67/2 function "+" (Right : Complex_Vector) return Complex_Vector;
function "-" (Right : Complex_Vector) return Complex_Vector;
68/2 {AI95-00296-01} Each operation returns the result of applying the
corresponding operation in numerics.generic_complex_types to each
component of Right. The index range of the result is Right'Range.
69/2 function Conjugate (X : Complex_Vector) return Complex_Vector;
70/2 {AI95-00296-01} This function returns the result of applying the
appropriate function Conjugate in numerics.generic_complex_types
to each component of X. The index range of the result is X'Range.
71/2 function "+" (Left, Right : Complex_Vector) return Complex_Vector;
function "-" (Left, Right : Complex_Vector) return Complex_Vector;
72/2 {AI95-00296-01} Each operation returns the result of applying the
corresponding operation in numerics.generic_complex_types to each
component of Left and the matching component of Right. The index
range of the result is Left'Range. Constraint_Error is raised if
Left'Length is not equal to Right'Length.
73/2 function "*" (Left, Right : Complex_Vector) return Complex;
74/2 {AI95-00296-01} This operation returns the inner product of Left
and Right. Constraint_Error is raised if Left'Length is not equal
to Right'Length. This operation involves an inner product.

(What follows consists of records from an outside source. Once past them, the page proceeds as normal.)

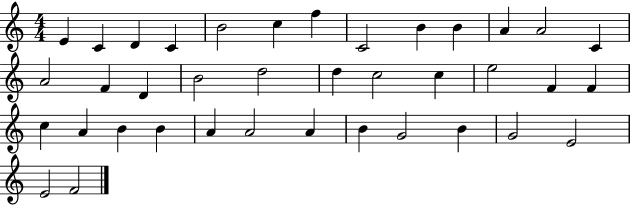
E4/q C4/q D4/q C4/q B4/h C5/q F5/q C4/h B4/q B4/q A4/q A4/h C4/q A4/h F4/q D4/q B4/h D5/h D5/q C5/h C5/q E5/h F4/q F4/q C5/q A4/q B4/q B4/q A4/q A4/h A4/q B4/q G4/h B4/q G4/h E4/h E4/h F4/h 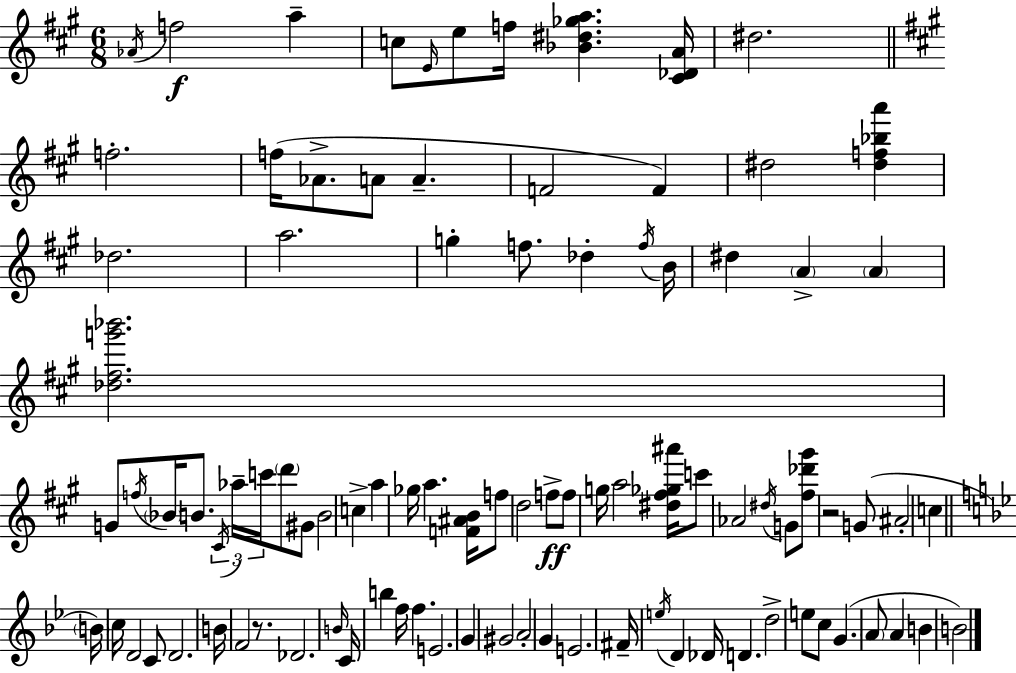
Ab4/s F5/h A5/q C5/e E4/s E5/e F5/s [Bb4,D#5,Gb5,A5]/q. [C#4,Db4,A4]/s D#5/h. F5/h. F5/s Ab4/e. A4/e A4/q. F4/h F4/q D#5/h [D#5,F5,Bb5,A6]/q Db5/h. A5/h. G5/q F5/e. Db5/q F5/s B4/s D#5/q A4/q A4/q [Db5,F#5,G6,Bb6]/h. G4/e F5/s Bb4/s B4/e. C#4/s Ab5/s C6/s D6/e G#4/e B4/h C5/q A5/q Gb5/s A5/q. [F4,A#4,B4]/s F5/e D5/h F5/e F5/e G5/s A5/h [D#5,F#5,Gb5,A#6]/s C6/e Ab4/h D#5/s G4/e [F#5,Db6,G#6]/e R/h G4/e A#4/h C5/q B4/s C5/s D4/h C4/e D4/h. B4/s F4/h R/e. Db4/h. B4/s C4/s B5/q F5/s F5/q. E4/h. G4/q G#4/h A4/h G4/q E4/h. F#4/s E5/s D4/q Db4/s D4/q. D5/h E5/e C5/e G4/q. A4/e A4/q B4/q B4/h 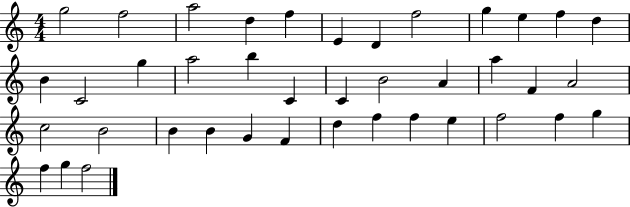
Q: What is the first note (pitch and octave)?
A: G5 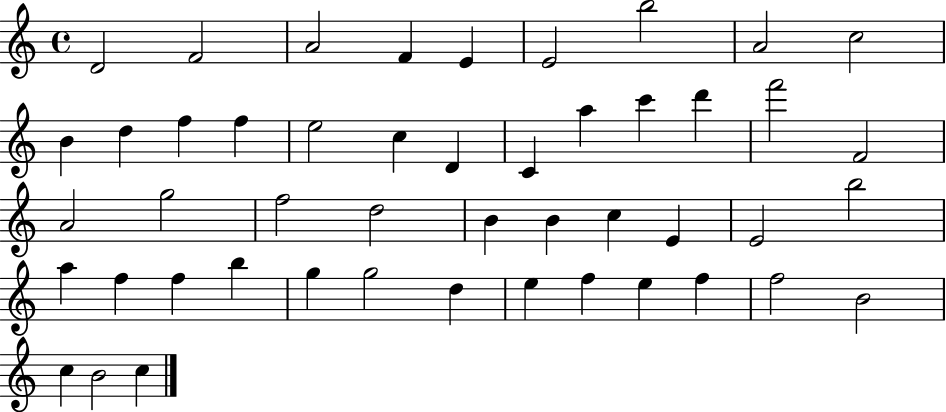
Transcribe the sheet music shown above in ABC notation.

X:1
T:Untitled
M:4/4
L:1/4
K:C
D2 F2 A2 F E E2 b2 A2 c2 B d f f e2 c D C a c' d' f'2 F2 A2 g2 f2 d2 B B c E E2 b2 a f f b g g2 d e f e f f2 B2 c B2 c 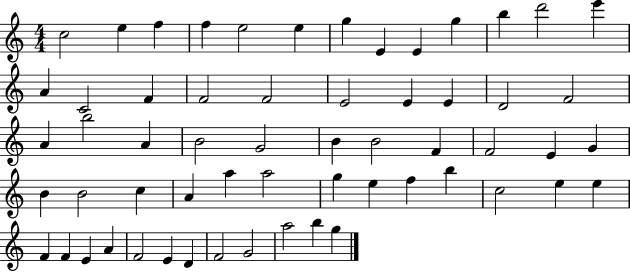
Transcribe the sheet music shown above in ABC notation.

X:1
T:Untitled
M:4/4
L:1/4
K:C
c2 e f f e2 e g E E g b d'2 e' A C2 F F2 F2 E2 E E D2 F2 A b2 A B2 G2 B B2 F F2 E G B B2 c A a a2 g e f b c2 e e F F E A F2 E D F2 G2 a2 b g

75/3 {AI05-0047-1} function "abs" (Right : Complex_Vector) return Real'Base;
76/2 {AI95-00418-01} This operation returns the Hermitian L2-norm of
Right (the square root of the inner product of the vector with its
conjugate).
76.a/2 Implementation Note: While the definition is given in terms of an
inner product, the norm doesn't "involve an inner product" in the
technical sense. The reason is that it has accuracy requirements
substantially different from those applicable to inner products;
and that cancellations cannot occur, because all the terms are
positive, so there is no possibility of intermediate overflow.
77/2 function "+" (Left : Real_Vector;
Right : Complex_Vector) return Complex_Vector;
function "+" (Left : Complex_Vector;
Right : Real_Vector) return Complex_Vector;
function "-" (Left : Real_Vector;
Right : Complex_Vector) return Complex_Vector;
function "-" (Left : Complex_Vector;
Right : Real_Vector) return Complex_Vector;
78/2 {AI95-00296-01} Each operation returns the result of applying the
corresponding operation in numerics.generic_complex_types to each
component of Left and the matching component of Right. The index
range of the result is Left'Range. Constraint_Error is raised if
Left'Length is not equal to Right'Length.
79/2 function "*" (Left : Real_Vector; Right : Complex_Vector) return Complex;
function "*" (Left : Complex_Vector; Right : Real_Vector) return Complex;
80/2 {AI95-00296-01} Each operation returns the inner product of Left
and Right. Constraint_Error is raised if Left'Length is not equal
to Right'Length. These operations involve an inner product.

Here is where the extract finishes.